Y “dilatorio” es otra palabra que vale la pena analizar hoy. Es algo que se realiza con la intención de causar un retardo. O, mejor, una procrastinación, porque es premeditada. La palabreja viene del latín, dilatus, el participio pasado del verbo differre, que significa “posponer” o “diferir”. Dan dos pasos y retroceden uno. O los dos ya dados. El ejemplo mejor son las conversaciones —prefiero no emplear los términos “diálogos” o “negociaciones” porque, en este caso, son malas palabras. Que si iban a conversar en Santo Domingo; que no, después iban a ser en Noruega; que no, otra vez, que ahora, en Barbados. Y con cualquier excusa baladí, se paran de la mesa. Con tal de no soltar el poder y, sobre todo, las pocas divisas que quedan y todavía no han podido robarse, ¡a dilatar se ha dicho!…

Es que, desde hace ya veinte largos años, no hay diafanidad en el manejo de los dineros públicos. Que es otro vocablo que vale la pena analizar. Los griegos inventaron un término, “diaphanes”, juntando dos locuciones: el prefijo “dia-”, que significa, “a través”, y el verbo “phainein”, que se puede traducir como: “mostrar”. Y si hay algo que esta gentecita no quiere que se vea es la forma cómo despaturran el erario y las reservas…
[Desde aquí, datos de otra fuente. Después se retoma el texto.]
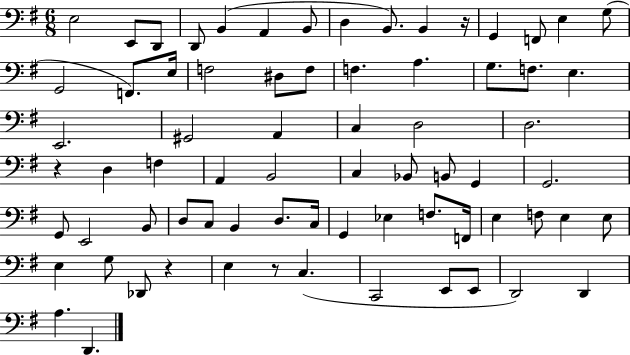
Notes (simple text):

E3/h E2/e D2/e D2/e B2/q A2/q B2/e D3/q B2/e. B2/q R/s G2/q F2/e E3/q G3/e G2/h F2/e. E3/s F3/h D#3/e F3/e F3/q. A3/q. G3/e. F3/e. E3/q. E2/h. G#2/h A2/q C3/q D3/h D3/h. R/q D3/q F3/q A2/q B2/h C3/q Bb2/e B2/e G2/q G2/h. G2/e E2/h B2/e D3/e C3/e B2/q D3/e. C3/s G2/q Eb3/q F3/e. F2/s E3/q F3/e E3/q E3/e E3/q G3/e Db2/e R/q E3/q R/e C3/q. C2/h E2/e E2/e D2/h D2/q A3/q. D2/q.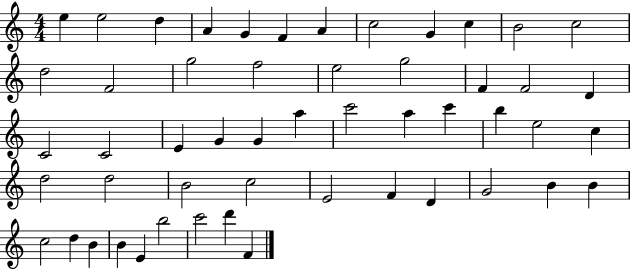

Porque no hay ni contralor que saque cuentas –solo está para inhabilitar opositores que estén cogiendo mucho vuelo–, ni fiscal que ponga presos a sus copartidarios. Este, que se llenaba la bocota diciendo que era un “defensor de los derechos humanos”, apenas llegó a la manguangua dejó de lado esas “inquietudes”, porque, sea como fiscal o como dizque “defensor del pueblo” tendría que haberse ido al helicoide a sacar de los calabozos a cuantos secuestrados por el régimen están recibiendo torturas allí. El tipo no pasa de ser un enamorado de sí mismo y un poetastro…

Que es la última expresión que voy a considerar hoy porque ya debo haber sobrepasado las novecientas palabras. En castellano, y heredado, cuando no, del latín, el sufijo “-astro” se reserva para calificar a las cosas que parecen pero no son, que son de segunda clase. Por eso, y para nuestro mal, Venezuela abunda en politicastros, filosofastros y poetastros. El mejor ejemplo de los tres es el ridículo Isaías Rodríguez, que acaba de renunciar a la Embajada en Roma. En todo caso, Tarek es lo que los alemanes llaman: “ersatz”, que no es la cosa verdadera, algo que sustituye lo real. Y si fuese eso solo, pero a mí me huele que también es un Ersatzmann…

Y eso era todo. Tenía en el tintero otras palabras que pueden ser utilizadas cuando se habla de los desesperadamente aferrados al poder. Será para otra oportunidad que comente sobre: “execrar”, “importunar”, “indoctrinar”, “ineluctabilidad”, “obsequiosidad”, “ostentación”, y otras palabras parecidas.